*RECORDS FOR THE TASK*.
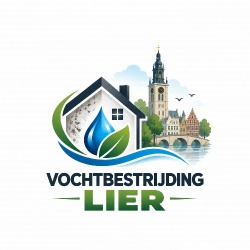 Vochtbestrijding Lier openingstijden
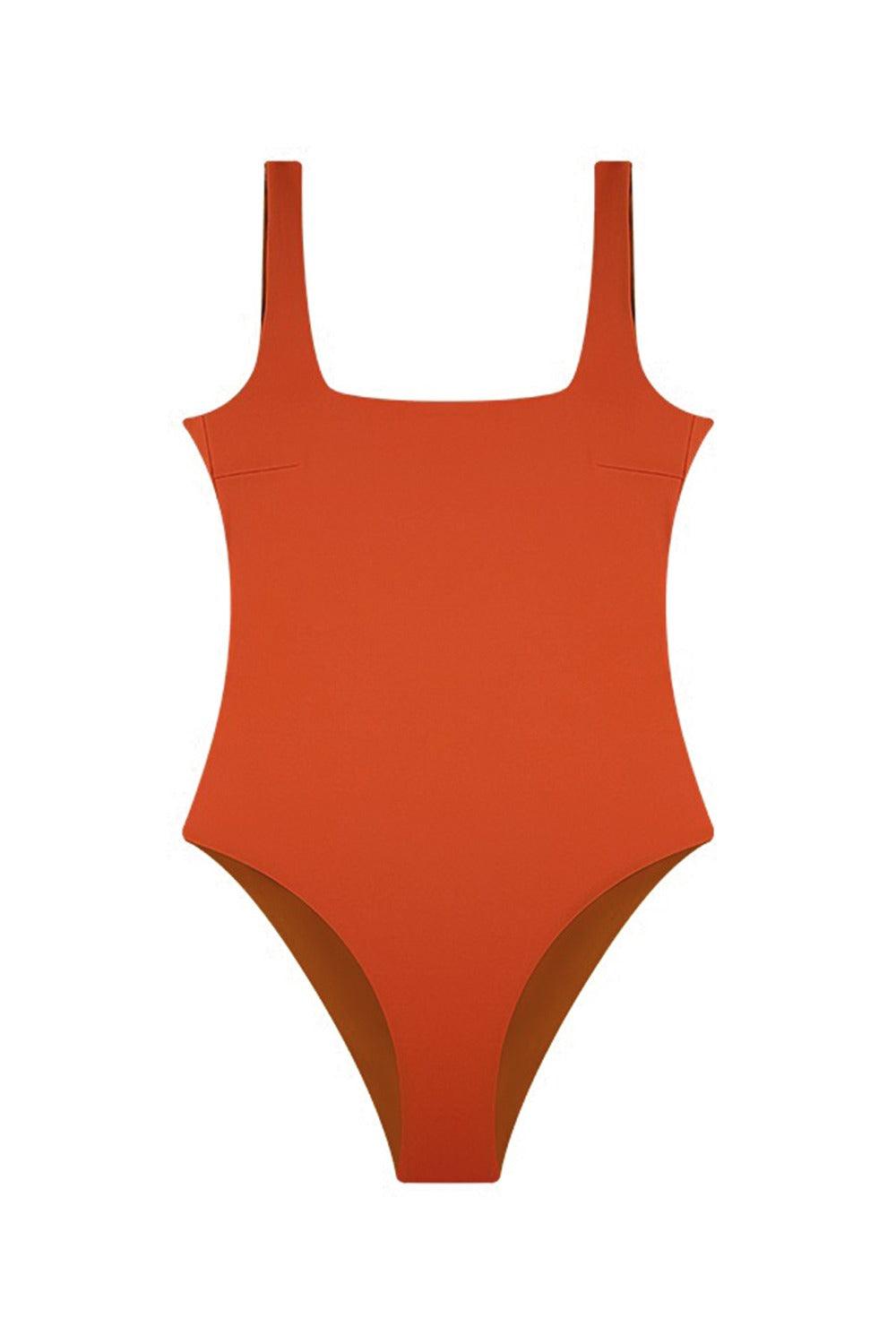 Shikoo Swimwear-Adhira Mayo-Bikini & Mayo-5-Milagron.com
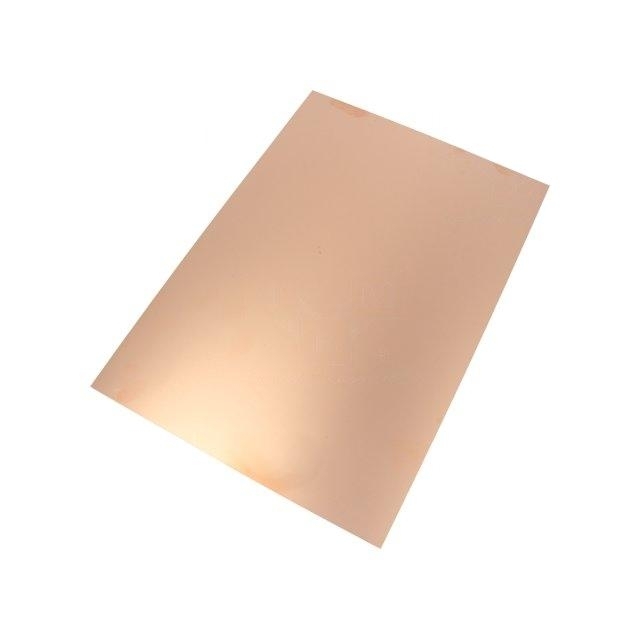 SOLDER PEAK Laminate; FR4,fiberglass,epoxy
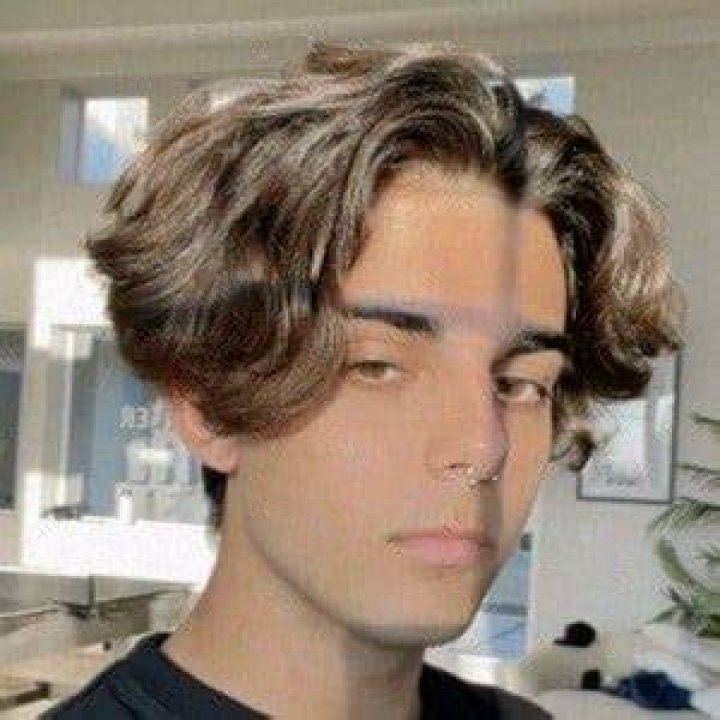 Jett Ashford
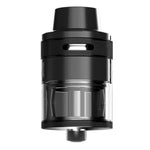 Aspire Revvo Tank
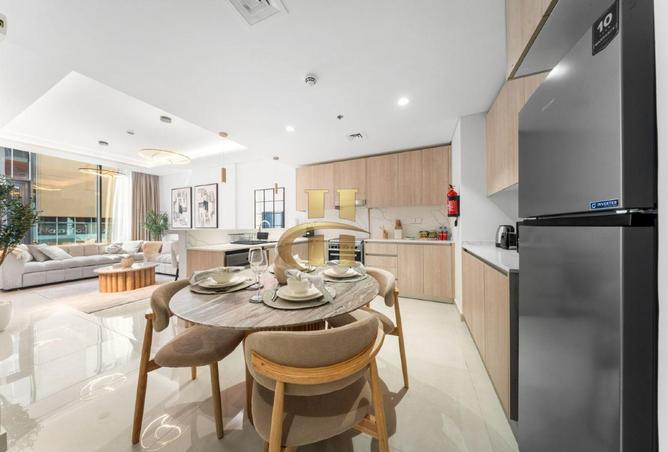 69110832 - Property Image 2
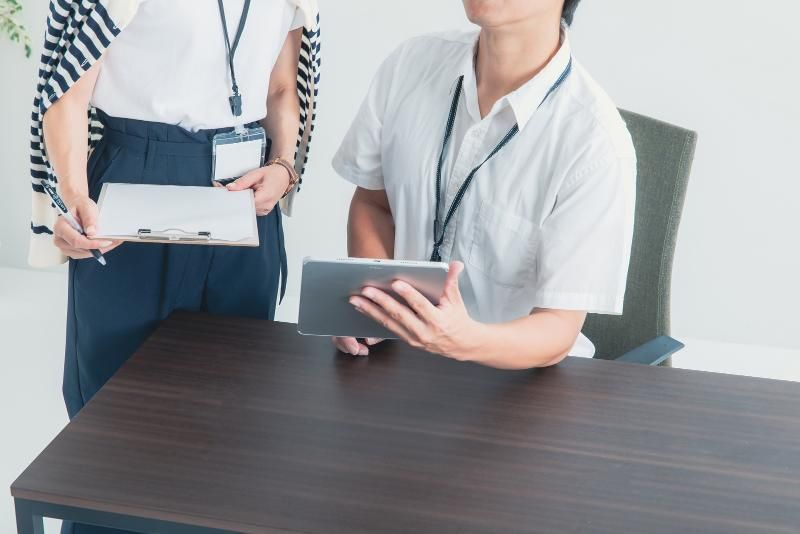 株式会社テレルームのアルバイト・バイト求人情報-03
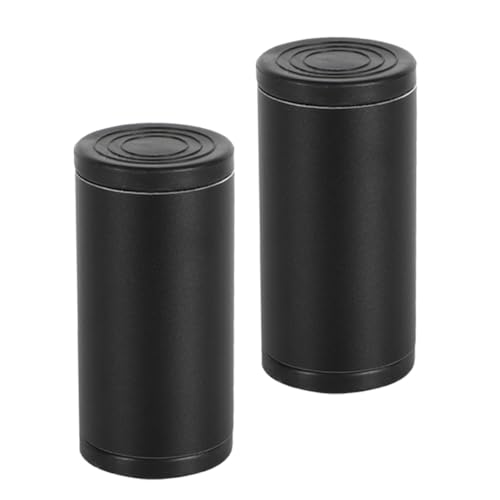 Ciieeo Verstellbare Bettstopper, Aluminiumlegierung, Schüttel-Kopfteilhalterung, Wandabstandshalter für Betten, Sofas, mit Geräuschreduzierung und stabiler Befestigung, geeignet für Schlafzimmer Ciieeo Verstellbare Bettstopper, Aluminiumlegierung, Schüttel-Kopfteilhalterung, Wandabstandshalter für Betten, Sofas, mit Geräuschreduzierung und stabiler Befestigung, geeignet für Schlafzimmer von Ciieeo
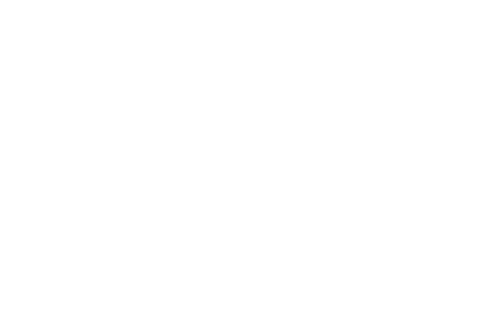 Boutique Groupe Roxboro Bauval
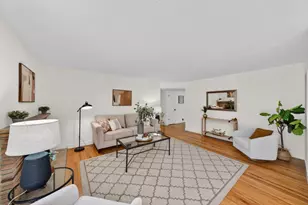 2362 Valencia Ct, San Jose, CA 95125 - Photo 17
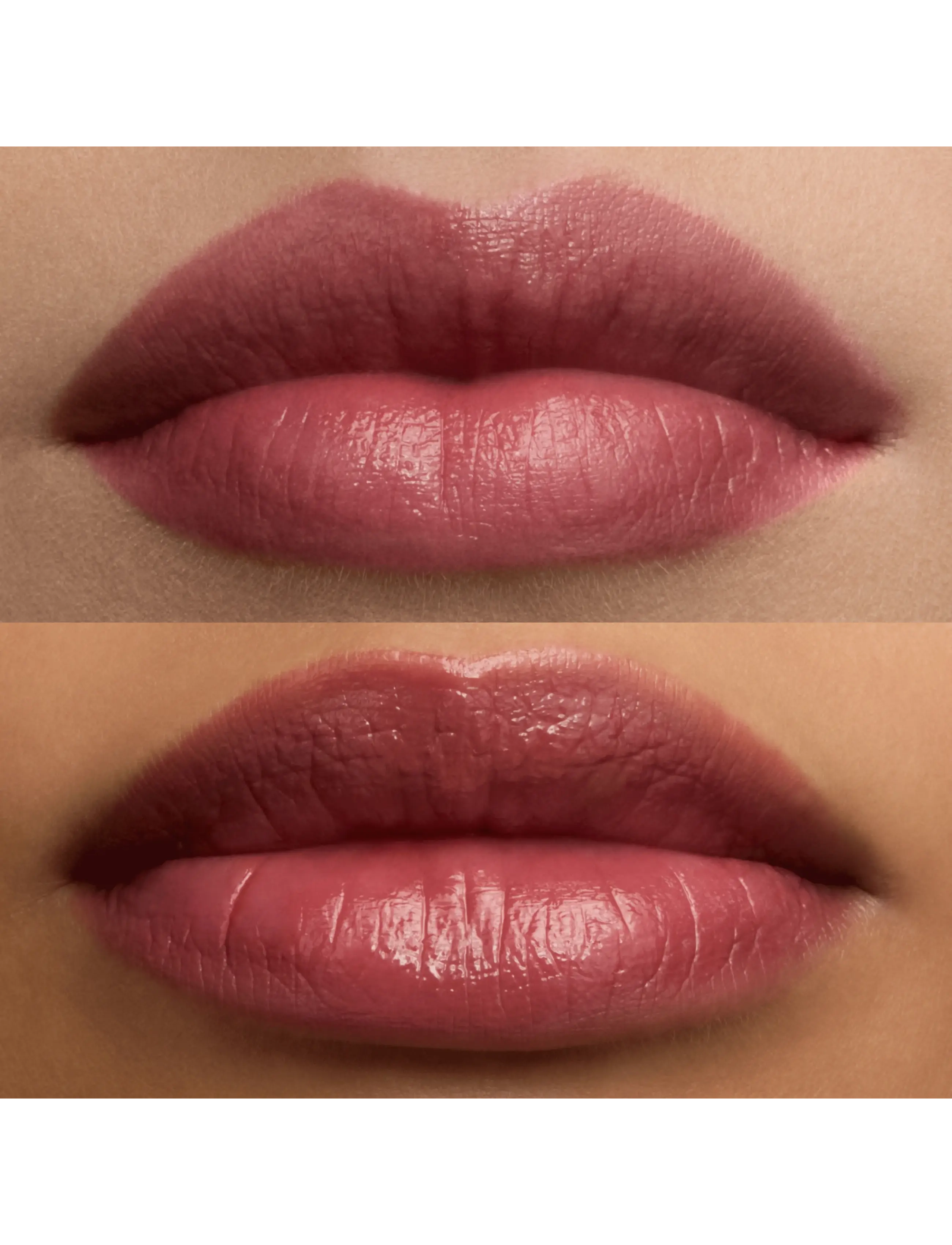 INGLOT - Lip Volume Tinted Lip Balm - huulepalsamid - brown109 - 4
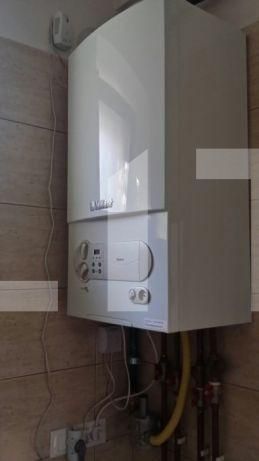 Garsonieră de vânzare Marasti - 32357AV | BLITZ Cluj-Napoca | Poza5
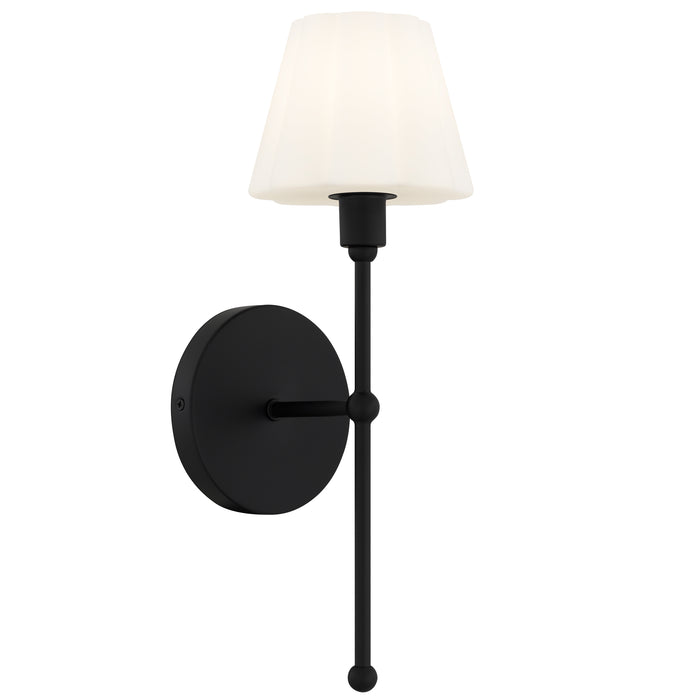 Irena Wall Sconce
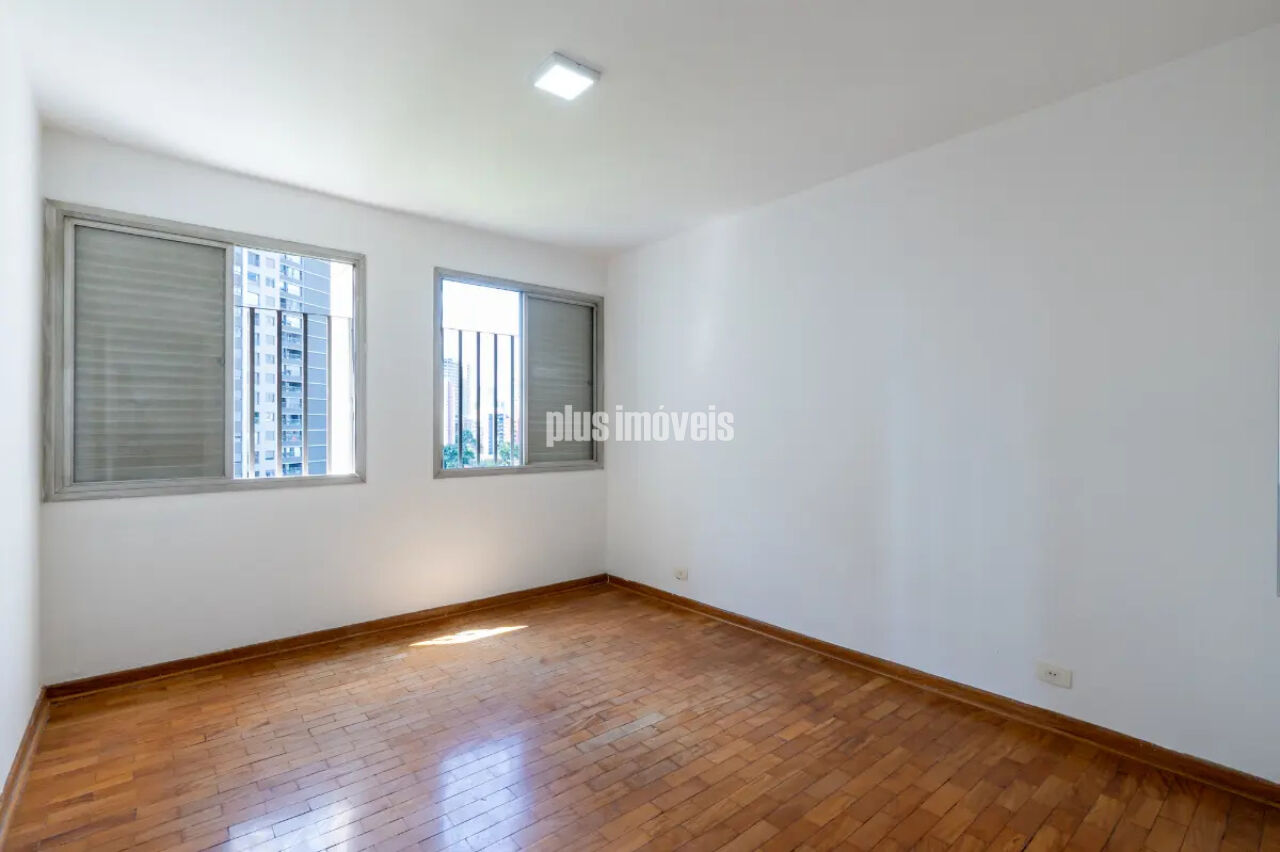 Apartamento, 4 quartos, 144 m² - Foto 11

*TASK REQUIREMENTS*. Every entry above needs to be duplicated exactly, without its images.

*WRITTEN SOLUTION*.
 Vochtbestrijding Lier openingstijden
 Shikoo Swimwear-Adhira Mayo-Bikini & Mayo-5-Milagron.com
 SOLDER PEAK Laminate; FR4,fiberglass,epoxy
 Jett Ashford
 Aspire Revvo Tank
 69110832 - Property Image 2
 株式会社テレルームのアルバイト・バイト求人情報-03
 Ciieeo Verstellbare Bettstopper, Aluminiumlegierung, Schüttel-Kopfteilhalterung, Wandabstandshalter für Betten, Sofas, mit Geräuschreduzierung und stabiler Befestigung, geeignet für Schlafzimmer Ciieeo Verstellbare Bettstopper, Aluminiumlegierung, Schüttel-Kopfteilhalterung, Wandabstandshalter für Betten, Sofas, mit Geräuschreduzierung und stabiler Befestigung, geeignet für Schlafzimmer von Ciieeo
 Boutique Groupe Roxboro Bauval
 2362 Valencia Ct, San Jose, CA 95125 - Photo 17
 INGLOT - Lip Volume Tinted Lip Balm - huulepalsamid - brown109 - 4
 Garsonieră de vânzare Marasti - 32357AV | BLITZ Cluj-Napoca | Poza5
 Irena Wall Sconce
 Apartamento, 4 quartos, 144 m² - Foto 11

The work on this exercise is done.